Discovering biological mechanisms from common variants will be challenging

Going from a GWAS-associated locus to identifying causal variation underlying the association is a challenge, but one that can be overcome with significant effort. A good example is Sekar et al.’s [45] study of common variation associated with schizophrenia in the major histocompatibility complex, which identified functional alleles of the complement component 4 (C4) genes and implicated their role in microglia-mediated synaptic pruning. Identifying the causal alleles required complex fine-mapping followed by functional studies of gene expression in mouse and human brain, and high-resolution immunohistochemistry.

Another issue is that most common risk variants individually contribute only a very small portion of overall susceptibility to common complex psychiatric disorders. When we hear only ten or even 100 notes, we cannot reconstruct a symphony. Mechanistic studies must eventually integrate the effects of many risk loci. Fortunately, powerful new technologies for studying systems genomics and neuroscience (including the use of induced pluripotent stem cells, gene-editing methods, and optogenetic interrogation of brain circuits) provide new opportunities for dissecting the functional effects of risk variants and pathways discovered from them [46, 47]. As the growing catalog of established genetic variants converge on biological pathways, new opportunities arise for identifying treatment targets.

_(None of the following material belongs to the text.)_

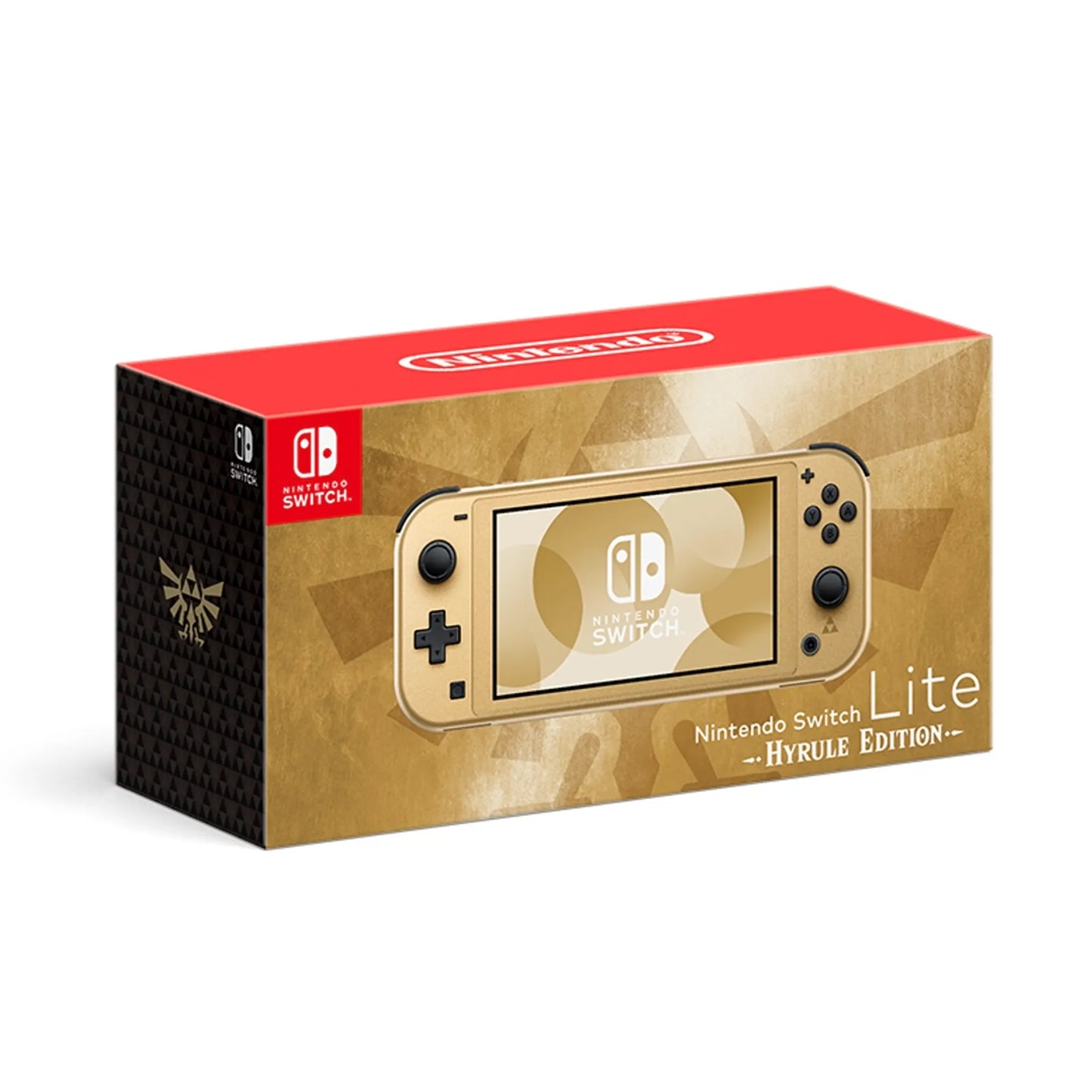 lite hyrule gold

For decades, psychiatric drug development has focused on pathways modulated by drugs that had been serendipitously discovered. By moving the focus of drug discovery to genetically validated functional pathways, GWAS can point to new “druggable” targets, enabling the development of novel therapeutics for specific or cross-diagnostic clinical characteristics [48].

Discovering biological mechanisms from rare variants of larger-effect may be easier. Unlike common SNPs, rare disease-associated mutations often have direct functional consequences, making them especially suitable for mechanistic studies. Some have argued the mechanisms discovered via rare variants will not be relevant to the large majority of patients, but empirical examples show that a biological pathway implicated by a rare variant is relevant to mechanisms implicated by common variation. For example, rare variants of PCSK9 cause a rare autosomal dominant familial hypercholesterolemia. Drugs that inhibit PCSK9 protein lower cholesterol and are a viable treatment for common forms of hypercholesterolemia and atherosclerosis [49].

Genetic studies challenge the DSM paradigm

The pervasive cross-disorder heritability of psychiatric disorders challenges the DSM paradigm which, from its inception, emphasized hierarchical diagnoses and disallowed diagnoses of some disorders in the presence of others. Twin data point to genetic hierarchies with a general psychopathology factor, internalizing and externalizing factors, along with unique sources of heritability for each disorder [50]. Twin studies have also reported genetic correlations between disorders and the normal range of personality variation (e.g., [51]) and support the view that some disorders are the extreme of a continuous trait in the population [52, 53]. Genomic studies are similarly questioning the idea that psychiatric conditions are discrete entities by demonstrating substantial molecular genetic correlations across diagnostic categories and between disorders and normal ranges of phenotypic variation in the population [54,55,56,57]. In some cases, these findings challenge fundamental assumptions of our clinical nosology. For example, the separation of schizophrenia and bipolar disorder has been a foundational distinction for psychiatric classification, dating to Kraepelin’s delineation of dementia praecox and manic-depressive illness more than a century ago. The modern DSM defines these disorders as mutually exclusive, belonging to different classes of mental illness. However, genomic studies have shown that, at a genetic level, these conditions are highly overlapping, with a genetic correlation of nearly 0.70.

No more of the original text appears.